* **Task details**: The answer is to be the lines below that lie between the line holding "The caveat here" and the line holding "Choose the option", inclusive, transcribed exactly and free of pictures.

* **Excerpted records**:
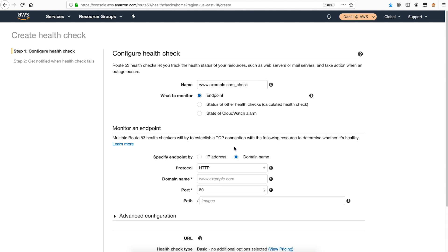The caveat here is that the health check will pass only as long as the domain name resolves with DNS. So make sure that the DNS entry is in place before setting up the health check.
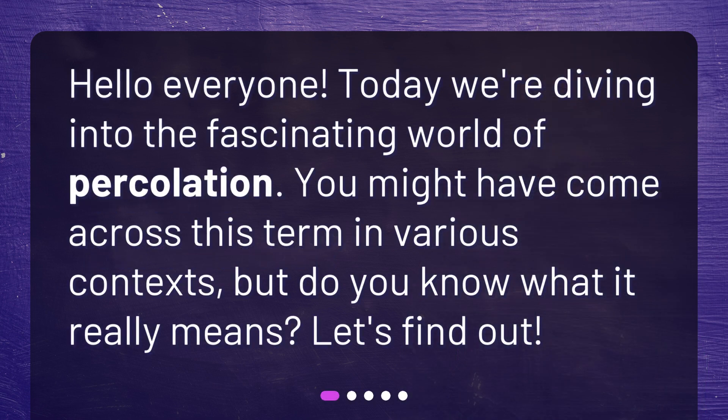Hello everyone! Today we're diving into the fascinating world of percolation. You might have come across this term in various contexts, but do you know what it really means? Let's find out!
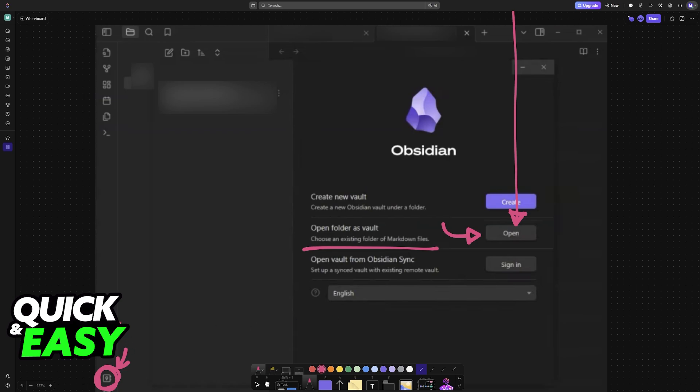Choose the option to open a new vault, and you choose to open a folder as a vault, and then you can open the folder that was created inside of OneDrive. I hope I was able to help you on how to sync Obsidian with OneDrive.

--

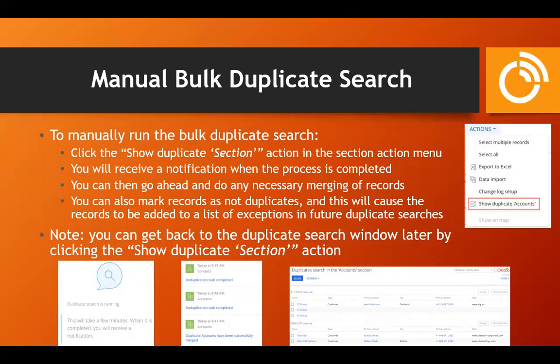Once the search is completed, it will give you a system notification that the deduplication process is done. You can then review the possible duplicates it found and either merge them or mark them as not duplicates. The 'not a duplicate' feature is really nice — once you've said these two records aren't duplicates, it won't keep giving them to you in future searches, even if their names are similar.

--

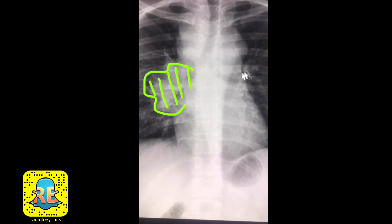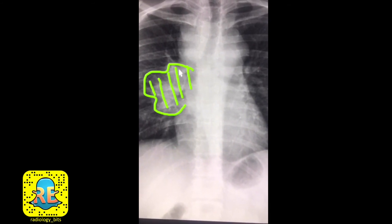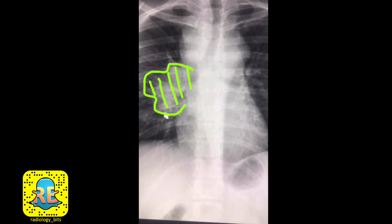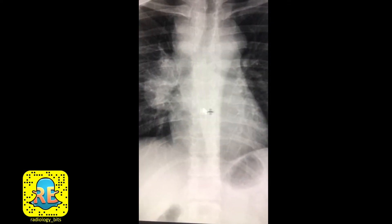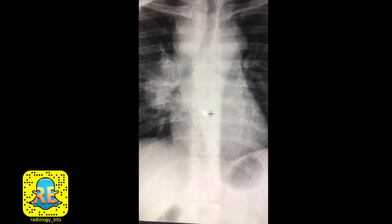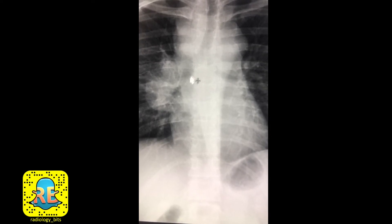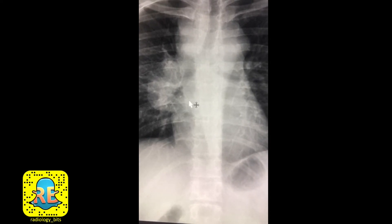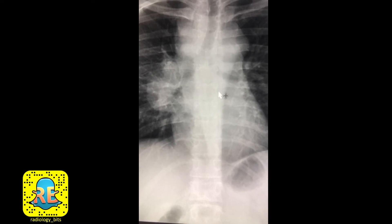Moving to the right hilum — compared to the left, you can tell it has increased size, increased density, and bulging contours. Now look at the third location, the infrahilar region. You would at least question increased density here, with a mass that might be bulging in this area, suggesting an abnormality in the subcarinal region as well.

* **Solution to the exercise**:
The caveat here is that the health check will pass only as long as the domain name resolves with DNS. So make sure that the DNS entry is in place before setting up the health check.
Hello everyone! Today we're diving into the fascinating world of percolation. You might have come across this term in various contexts, but do you know what it really means? Let's find out!
Choose the option to open a new vault, and you choose to open a folder as a vault, and then you can open the folder that was created inside of OneDrive. I hope I was able to help you on how to sync Obsidian with OneDrive.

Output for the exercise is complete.